Jean-François Prost is a visual artist based in Montreal, Quebec. He has a degree in environmental design at Université du Québec à Montréal and in Architecture at Carleton University (Ottawa). He is mostly known for his investigations in spatial and social practices in the city, his practice in relational art and for being the founder of the artistic platform Adaptive Actions. Among other projects, he has worked and exposed at La Biennale de Montreal (2002), International Architecture Biennal Rotterdam (2003), Liverpool Biennial (2006), Lisbon Architecture Triennal (2013) and International Architecture Biennale of São Paulo (2013).

==Artistic work==
===Chambre avec vues (1998)===
His first project, Chambre avec vues (1998) consisted in a wooden cabin placed in a vacant lot in Montréal. Screens in the exterior walls of the cabin would show videos of a natural landscape and a live transmission from the inner part of the cabin as some other screens would show real time video taken from the outside with another video camera.

===Convivialités électives (2000)===
In the winter of the year 2000, Jean-François Prost installed a shelter on the frozen waters of the Saguenay River in Chicoutimi. Prost lived in the space for several weeks. The inspiration of this project came from the necessity for creating a dialogue with the surroundings and the environment but also with the local inhabitants of this borough of Saguenay, Quebec.

===All Aboard (2007) ===
September 2007: authorities surround the London 2012 Olympic Site with an 18-km blue wall and repaint daily any form of expression and of visual protest. Abandoned, empty paint cans revealing the code and name of the paint color is reproduced by Adaptive Actions to perform an action. Under the premise "Only blue remains", the action All Aboard is born.

===Heteropolis (Publication) (2013) ===
Along with the Adaptive Actions platform, Marie-Pier Boucher, Jean-Maxime Dufresne, Gema Melgar, and other collaborators such as Kyong Park, developed through the concept of Heteropolis a publication containing 53 contributions which take different forms: images, texts, interviews, or actions related to different questions about open spaces and indeterminacy, the facilitation of the hybridization of what already exists, and simultaneously value difference and mobilize new forms of urban relations, exchange, and diversity.

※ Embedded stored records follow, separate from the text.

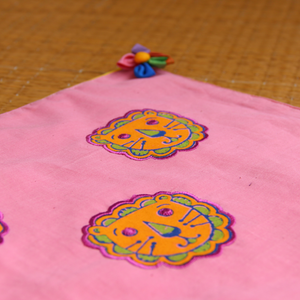sheru table mat pink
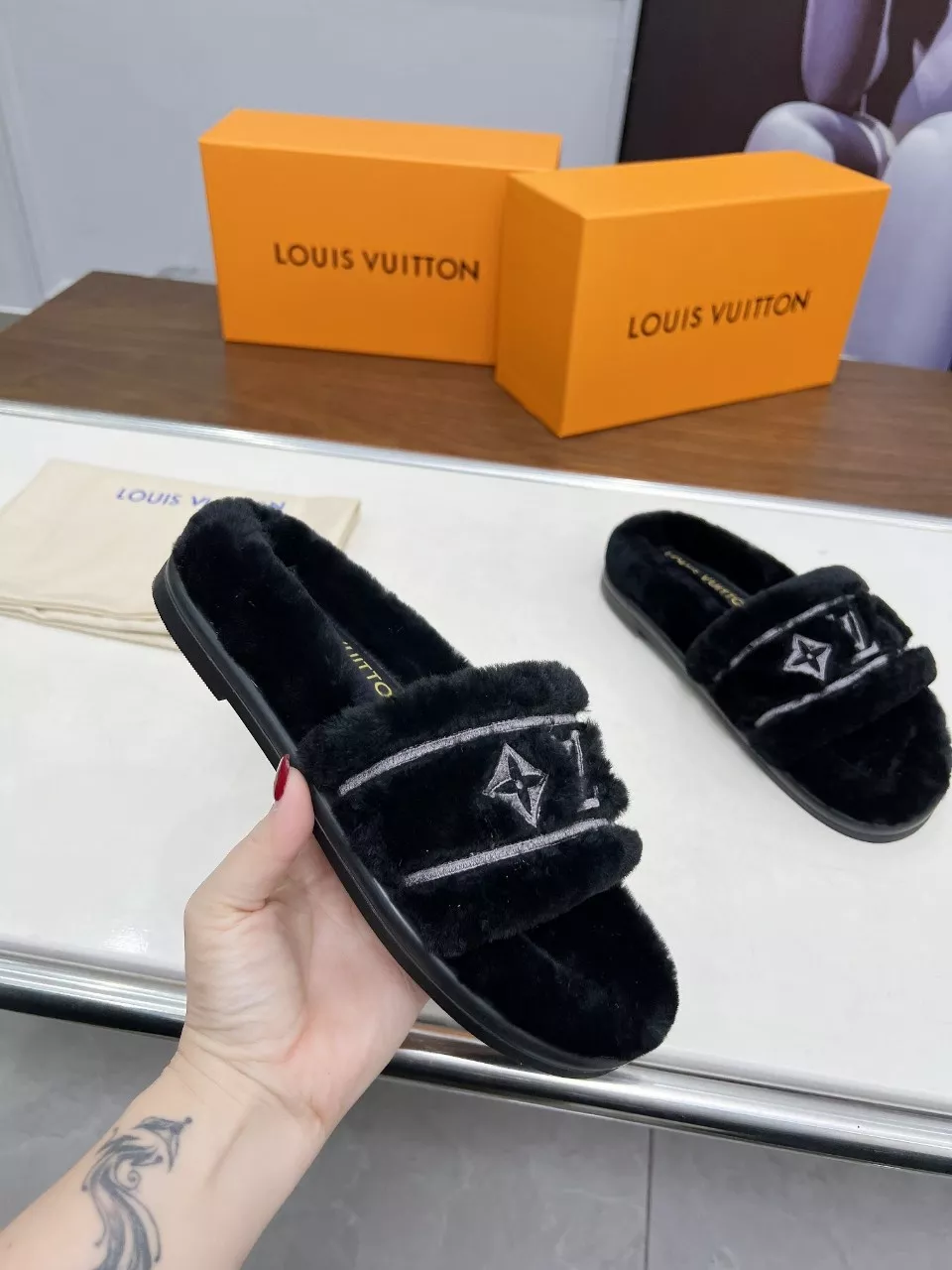 louis vuitton chaussons pour femme s_12ba46b1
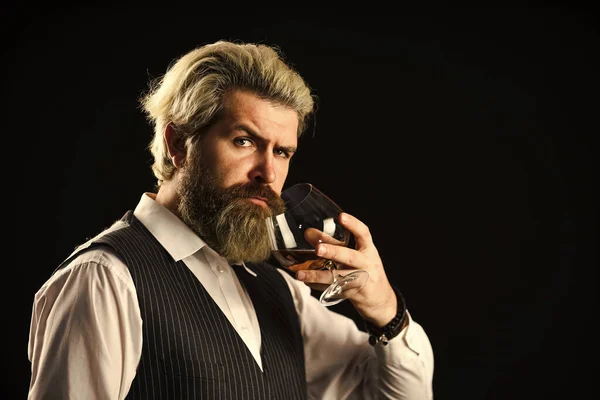 Good indication of condition of whisky. Bearded businessman in elegant suit with glass of whisky. Sommelier tastes expensive drink. Elegant macho drink cognac. Matured in sherry casks. Whisky tasting — Stock Photo, Image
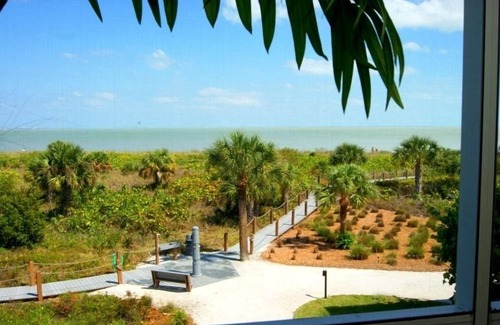 Sanibel Condo | Amazing Direct Ocean/Gulf Front Beach Views Condo with Free use of Bikes!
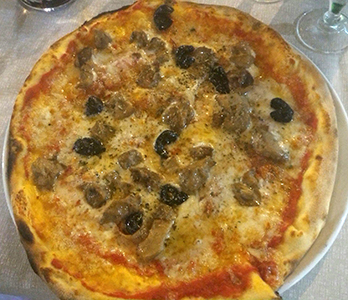 Pizza Sicilia alla Vecchia Botte di Ragalna (CT)
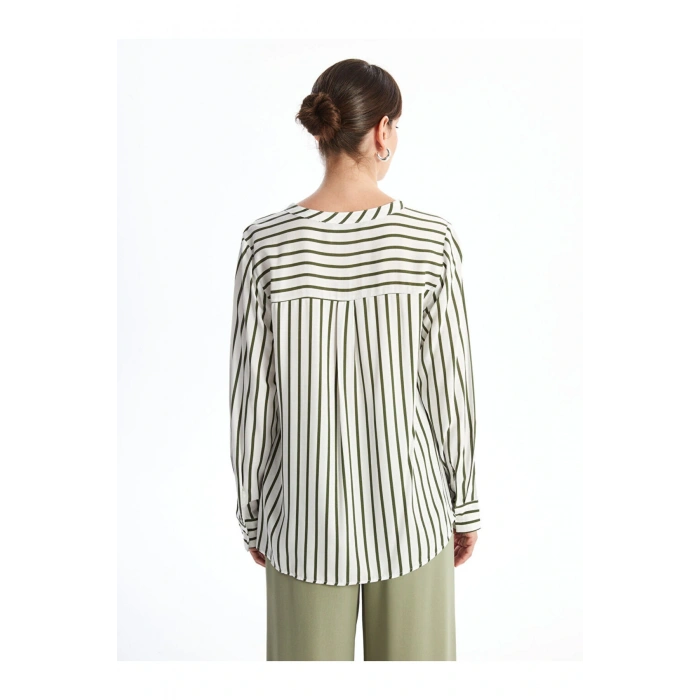 Kaçık Yaka Çizgili Uzun Kollu Kadın Bluz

The publication was launched in the Leonard and Bina Ellen Gallery of Concordia University and was followed by a series of conferences and workshops in the University of Lethbridge and Optica Centre d'art Contemporain.

===Stopping (2015-)===
Currently, Prost has been working in a series of workshops at MUAC and the Leonard and Bina Ellen Gallery aiming towards a publication regarding the resistance to the increasing pace of life experienced in big cities around the world and in particular Mexico City. These workshops gathered students and professionals from different areas of study.

===Acronymia Sao Paulo (2016)===
As a result of a series of workshops, Jean-François Prost and a group of people from different backgrounds gathered by an open call re-enacted a project the artist presented in the Rotterdam Biennal called Acronymia. By manual processes, Jean-François, along with the participants, created a series of acronym printings over fabric objects and clothes expressing phrases with personal meanings for everyone involved in the project. These phrases could take form of social statements as well as personal thoughts or ideas.